Increasingly, other courts in the Mid-Atlantic region have followed this same line of reasoning. In United States for use & benefit of Tusco, Inc. v. Clark Constr. Grp., LLC, the U.S. District Court for the District of Maryland also denied a request by a surety for a stay of a Miller Act Claim. The District Court of Maryland held that any provisions of the subcontract that required the subcontractor, Tusco, “to wait for an indefinite period prior to suing on the Bond [were] unenforceable because they contravene the purpose of the Miller Act.” The court also took note of the recent line of cases trending against a stay, saying that “federal courts have enforced the right of subcontractors to collect on payment bonds after they have completed their work on a federal project, especially in the face of attempts by sureties to delay litigation.”
Many of these recent cases have been in the Fourth Circuit, which includes the states of Maryland, North Carolina, and Virginia. In a recent case, United States v. Continental Casualty, the prime contractor argued that allowing the subcontractor to proceed could lead to inconsistent decisions because the prime’s litigation against the government could be unsuccessful whereas the subcontractor’s claim could be successful. The District Court of Maryland rejected this argument, holding that “a stay would be inconsistent with the plain text and congressional purpose of the Miller Act.”
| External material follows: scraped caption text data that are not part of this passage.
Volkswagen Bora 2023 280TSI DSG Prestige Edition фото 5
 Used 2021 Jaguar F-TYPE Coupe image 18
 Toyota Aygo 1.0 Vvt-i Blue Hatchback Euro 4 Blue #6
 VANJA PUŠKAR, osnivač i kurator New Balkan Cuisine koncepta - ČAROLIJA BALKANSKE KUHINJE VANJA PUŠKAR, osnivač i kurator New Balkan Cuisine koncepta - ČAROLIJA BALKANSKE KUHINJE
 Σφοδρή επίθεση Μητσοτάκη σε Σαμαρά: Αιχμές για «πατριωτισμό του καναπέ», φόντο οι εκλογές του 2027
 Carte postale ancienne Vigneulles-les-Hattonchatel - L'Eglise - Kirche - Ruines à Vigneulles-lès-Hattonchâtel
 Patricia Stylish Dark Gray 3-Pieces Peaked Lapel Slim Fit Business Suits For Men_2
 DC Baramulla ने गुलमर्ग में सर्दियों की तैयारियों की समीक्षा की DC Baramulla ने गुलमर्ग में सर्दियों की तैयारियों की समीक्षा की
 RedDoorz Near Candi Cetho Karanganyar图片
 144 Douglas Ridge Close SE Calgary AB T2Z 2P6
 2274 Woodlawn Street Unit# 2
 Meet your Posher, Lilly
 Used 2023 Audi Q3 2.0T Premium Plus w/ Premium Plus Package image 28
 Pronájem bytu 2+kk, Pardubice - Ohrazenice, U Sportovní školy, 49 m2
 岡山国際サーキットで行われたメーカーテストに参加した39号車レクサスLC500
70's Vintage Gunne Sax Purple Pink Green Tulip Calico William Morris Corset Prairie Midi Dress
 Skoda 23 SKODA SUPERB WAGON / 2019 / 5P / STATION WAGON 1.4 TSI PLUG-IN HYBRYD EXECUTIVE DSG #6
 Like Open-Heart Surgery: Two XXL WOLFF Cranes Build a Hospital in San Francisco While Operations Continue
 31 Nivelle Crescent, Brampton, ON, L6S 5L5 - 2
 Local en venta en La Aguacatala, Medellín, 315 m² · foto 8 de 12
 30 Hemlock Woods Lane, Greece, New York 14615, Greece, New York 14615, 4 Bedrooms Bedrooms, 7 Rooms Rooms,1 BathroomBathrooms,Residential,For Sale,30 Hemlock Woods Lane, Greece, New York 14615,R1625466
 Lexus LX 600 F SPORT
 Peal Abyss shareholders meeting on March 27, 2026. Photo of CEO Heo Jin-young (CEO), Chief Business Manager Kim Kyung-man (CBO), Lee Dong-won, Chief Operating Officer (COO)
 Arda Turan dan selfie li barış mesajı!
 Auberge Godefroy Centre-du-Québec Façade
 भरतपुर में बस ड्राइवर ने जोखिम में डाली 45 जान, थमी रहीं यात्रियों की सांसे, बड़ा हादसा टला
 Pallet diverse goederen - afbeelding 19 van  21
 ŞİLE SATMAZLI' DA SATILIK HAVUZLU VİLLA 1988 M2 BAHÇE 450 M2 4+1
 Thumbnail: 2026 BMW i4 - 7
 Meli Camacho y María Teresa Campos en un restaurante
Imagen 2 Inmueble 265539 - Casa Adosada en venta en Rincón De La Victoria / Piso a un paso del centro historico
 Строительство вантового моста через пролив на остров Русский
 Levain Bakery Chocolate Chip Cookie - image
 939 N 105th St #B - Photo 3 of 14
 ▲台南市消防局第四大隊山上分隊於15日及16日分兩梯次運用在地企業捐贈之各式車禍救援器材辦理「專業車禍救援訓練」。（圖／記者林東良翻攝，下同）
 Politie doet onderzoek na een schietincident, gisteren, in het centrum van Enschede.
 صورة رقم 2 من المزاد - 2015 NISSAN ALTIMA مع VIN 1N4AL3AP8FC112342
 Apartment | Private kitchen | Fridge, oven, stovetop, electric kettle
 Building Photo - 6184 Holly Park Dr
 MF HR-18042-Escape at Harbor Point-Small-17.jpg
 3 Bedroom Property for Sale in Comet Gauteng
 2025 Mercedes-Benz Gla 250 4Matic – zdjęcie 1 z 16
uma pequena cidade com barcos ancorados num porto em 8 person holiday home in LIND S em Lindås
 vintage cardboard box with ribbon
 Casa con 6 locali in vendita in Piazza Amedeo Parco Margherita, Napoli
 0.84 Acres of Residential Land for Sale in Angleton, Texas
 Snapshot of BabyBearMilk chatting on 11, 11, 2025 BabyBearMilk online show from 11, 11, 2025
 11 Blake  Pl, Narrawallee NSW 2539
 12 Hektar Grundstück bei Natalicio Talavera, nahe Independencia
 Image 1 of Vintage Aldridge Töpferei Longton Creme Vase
More recently, in Kitchens to Go v. John C. Grimberg Co., the Eastern District of Virginia echoed the reasoning of the Tusco and Continental Casualty decisions. In that case, the court held that the Miller Act precluded the surety from relying on the dispute resolution in the subcontract to stay the subcontractor’s Miller Act lawsuit against the surety. The court reasoned that the surety’s invocation of the disputes clause operated as an impermissible waiver of the subcontractor’s Miller Act rights. Notably, the court also held that the surety could not rely on the no‑damages-for-delay clause in the subcontract to preclude the subcontractor’s delay claim against the surety.
The Miller Act is designed to protect subcontractors and suppliers by ensuring that they can obtain timely payment for claims they present to a surety. While courts are increasingly recognizing the importance of allowing timely enforcement of such claims through the court system, a number of time-sensitive requirements in the Miller Act make doing so difficult. Moreover, there is no way to know whether courts will continue on this trend or eventually limit how far they will go to strike contract language in favor of public policy. Accordingly, subcontractors on federal projects should obtain experienced counsel to advise them on presenting any Miller Act claim as soon as they become aware of any payment issues.